Language Models Uncertainty Quantification (LUQ)

Get Started

Install LUQ:

pip install luq

Use LUQ model for UQ

import luq
from luq.models import MaxProbabilityEstimator

model_id = "meta-llama/Meta-Llama-3-8B-Instruct"
tokenizer = AutoTokenizer.from_pretrained(model_id)
model = AutoModelForCausalLM.from_pretrained(model_id, torch_dtype="auto", device_map="auto")
# Create text generation pipeline
generator = pipeline("text-generation", model=model, tokenizer=tokenizer)

# sample from LLM
samples = luq.llm.generate_n_samples_and_answer(
    pipeline,
    prompt="A, B, C, or D"
)

mp_estimator = MaxProbabilityEstimator()
print(mp_estimator.estimate_uncertainty(samples))

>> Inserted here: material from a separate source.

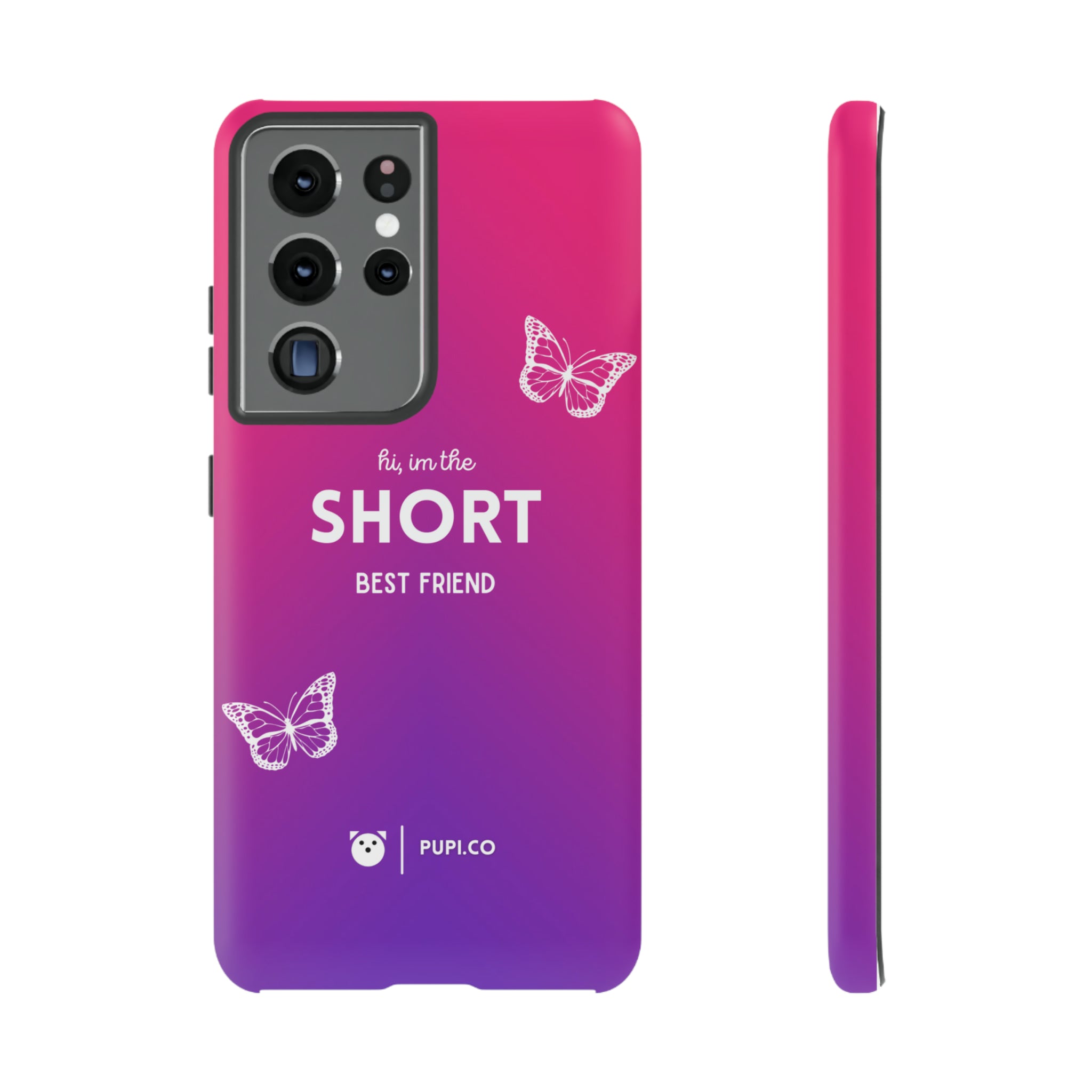 Short BFF | Phone case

Uncertainty Quantification Methods

Generally the uncertainty quantification in LUQ sample multiple responses from an LLM and analyse the

Method	Class in LUQ	Note	Reference
Max Probability	`luq.models.max_probability`	Estimates uncertainty as one minus the probability of the most likely sequence in the list of samples.	-
Top K Gap	`luq.models.top_k_gap`	Estimates uncertainty by measuring the gap between the most probable sequence and the k-th most probable one.	-
Predictive Entropy	`luq.models.predictive_entropy`	Uncertainty is estimated by computing the entropy of probabilities obtained from sampled sequences.	https://arxiv.org/pdf/2002.07650
p(true)	`luq.models.p_true`	Uncertainty is estimated by computing the entropy of probabilities obtained from sampled sequences.	https://arxiv.org/pdf/2002.07650
Semantic Entropy	`luq.models.semantic_entropy`	Uncertainty is estimated by performing semantic clustering of LLM responses and calculating the entropy across the clusters.	https://arxiv.org/abs/2302.09664
Kernel Language Entropy	`luq.models.kernel_language_entropy`	Uncertainty is estimated by performing semantic clustering of LLM responses and calculating the entropy across the clusters.	https://arxiv.org/abs/2405.20003

Contributing

Use pre-commit

pip install pre-commit
pre-commit install

Pipeline for dataset creation

Step 1. Create a processed version of a dataset.

mkdir data/coqa
python scripts/process_datasets.py \
    --dataset=coqa \
    --output=data/coqa/processed.json

import json

data = json.load(open("data/coqa/processed.json", "r"))
new_data = {"train": data["train"][:2], "validation": data["validation"][:2]}
json.dump(new_data, open("data/coqa/processed_short.json", "w"))

Step 2. Generate answers from LLMs and augment the dataset with the dataset.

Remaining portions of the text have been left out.